WORK TO COMPLETE
All entries below are to be reproduced precisely as they stand, without the pictures.

Stored entries:

____

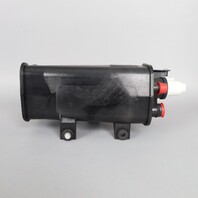 BMW 328i 335i X1 Fuel Vapor Charcoal Cannister 16137163596 OEM Used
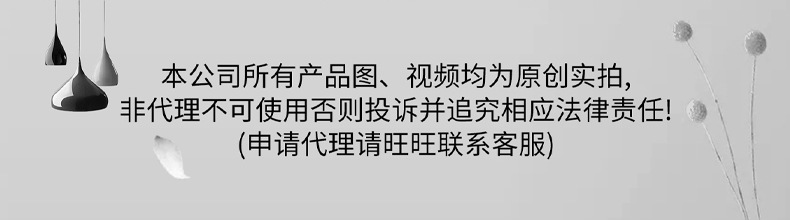 新款跨境40oz双层冰霸杯防漏不锈钢保温杯带吸管便携直饮口汽车杯详情13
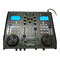 DJ-Equipment MC Crypt MSD-2 USB Bedienungsanleitung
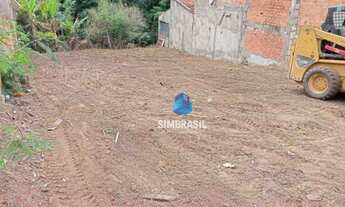 Imagem 4: TERRENO NO NOVO MARACANÃ Documentação Ok
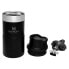 Фото #5 товара Термокружка для путешествий STANLEY Classic Travel Mug 350мл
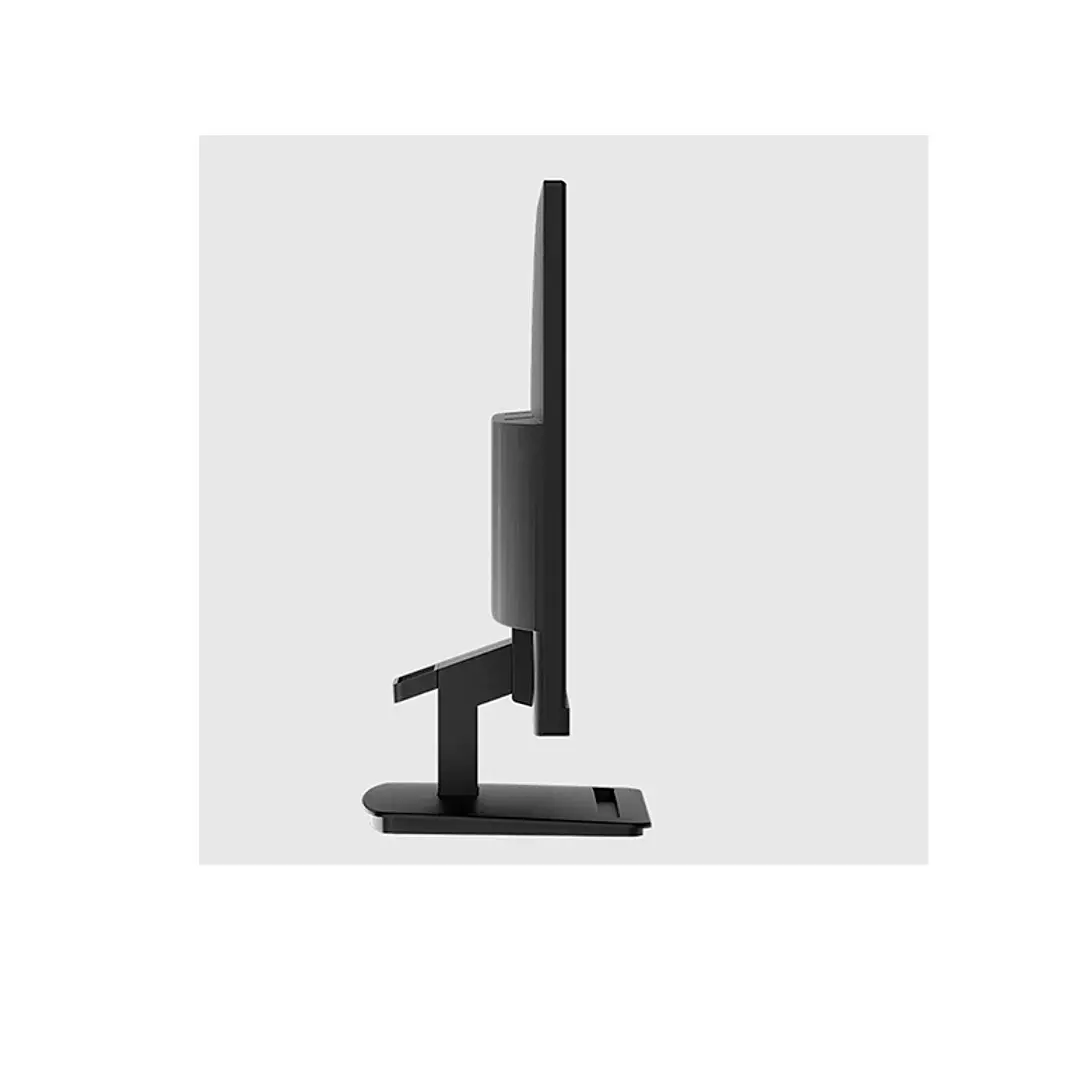 Monitor MSI 24” PRO MP243L E14 144Hz 1 ms Full HD 4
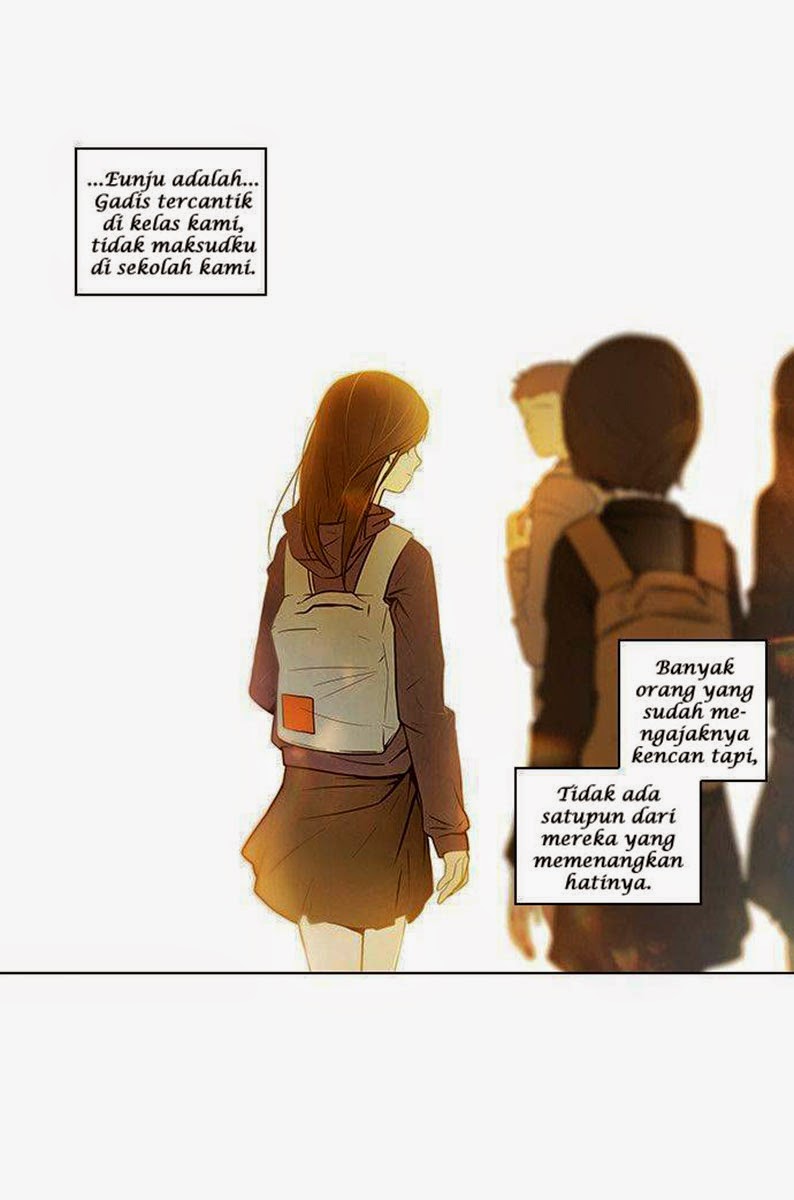 dice - Chapter: 01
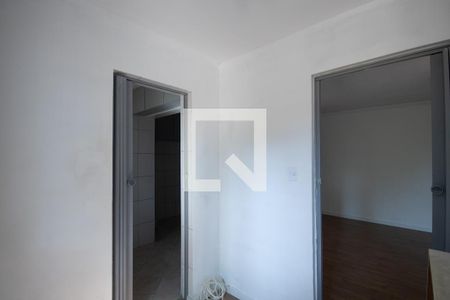 Apartamento à venda com 70m², 3 quartos e 1 vaga Apartamento à venda com 70m², 3 quartos e 1 vagaQuarto 3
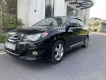 Hyundai Avante 2011 - BÁN XE AVANTE - 2011 - Giá 255 TRIỆU - XE CHÍNH CHỦ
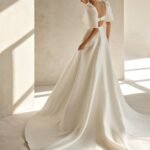 Fada - Glamour Atelier 1978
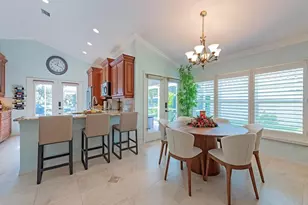 8908 Cascades Isle Blvd, Estero, FL 33928 - Photo 4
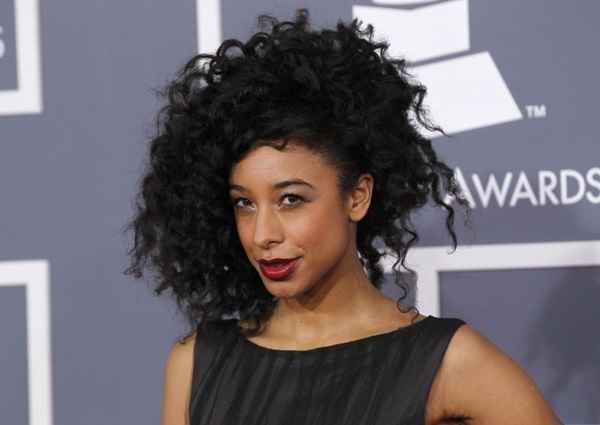 Corinne Bailey Rae lança novo álbum em maio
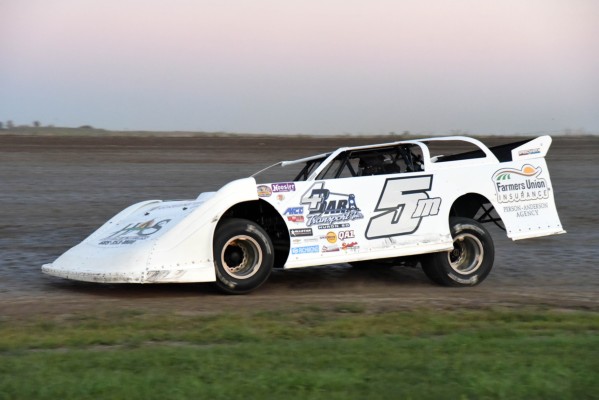 2020 A 5 TYLER MCDONALD 814.jpg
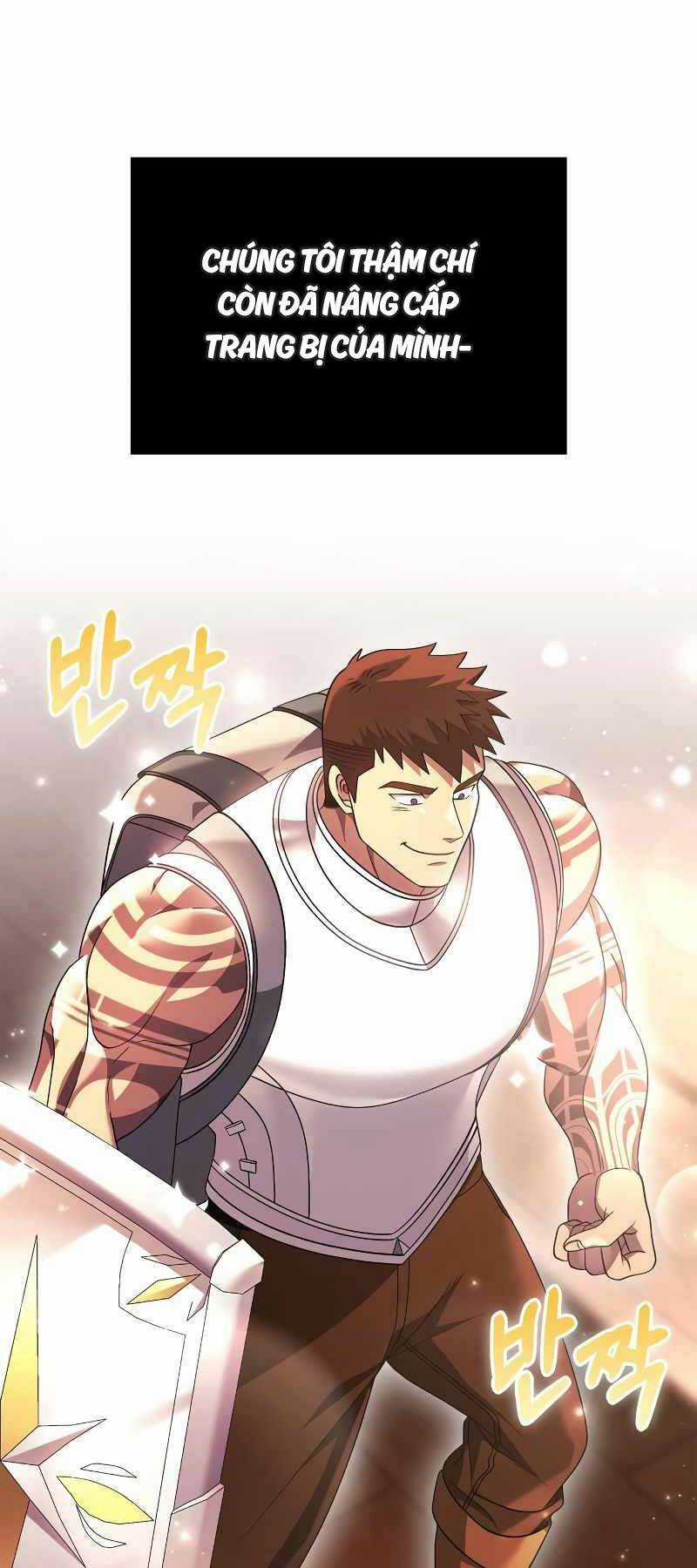 Sống Sót Trong Trò Chơi Với Tư Cách Là Một Cuồng Nhân Chapter 37 trang 31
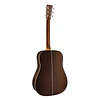 Guitarra Acústica Martin Standard Series D-28 Dreadnought, Spruce 2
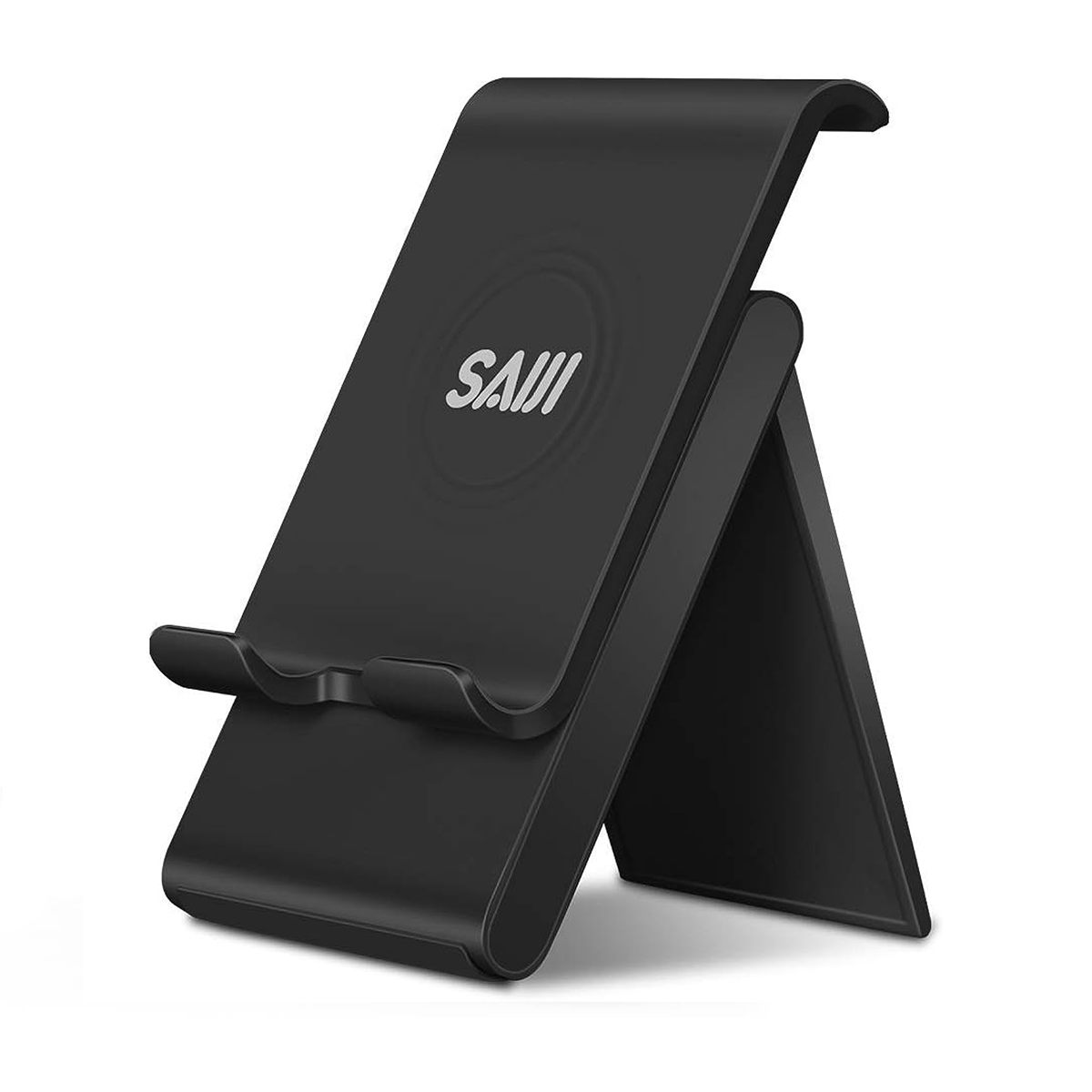 پایه نگهدارنده موبایل و تبلت سایجی مدل SPH1001 پایه نگهدارنده موبایل و تبلت سایجی مدل SPH1001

____

EXERCISE RESPONSE
 BMW 328i 335i X1 Fuel Vapor Charcoal Cannister 16137163596 OEM Used
 新款跨境40oz双层冰霸杯防漏不锈钢保温杯带吸管便携直饮口汽车杯详情13
 DJ-Equipment MC Crypt MSD-2 USB Bedienungsanleitung
 Imagem 4: TERRENO NO NOVO MARACANÃ Documentação Ok
 Фото #5 товара Термокружка для путешествий STANLEY Classic Travel Mug 350мл
 Monitor MSI 24” PRO MP243L E14 144Hz 1 ms Full HD 4
 dice - Chapter: 01
 Apartamento à venda com 70m², 3 quartos e 1 vaga Apartamento à venda com 70m², 3 quartos e 1 vagaQuarto 3
 Hyundai Avante 2011 - BÁN XE AVANTE - 2011 - Giá 255 TRIỆU - XE CHÍNH CHỦ
 Fada - Glamour Atelier 1978
 8908 Cascades Isle Blvd, Estero, FL 33928 - Photo 4
 Corinne Bailey Rae lança novo álbum em maio
 2020 A 5 TYLER MCDONALD 814.jpg
 Sống Sót Trong Trò Chơi Với Tư Cách Là Một Cuồng Nhân Chapter 37 trang 31
 Guitarra Acústica Martin Standard Series D-28 Dreadnought, Spruce 2
 پایه نگهدارنده موبایل و تبلت سایجی مدل SPH1001 پایه نگهدارنده موبایل و تبلت سایجی مدل SPH1001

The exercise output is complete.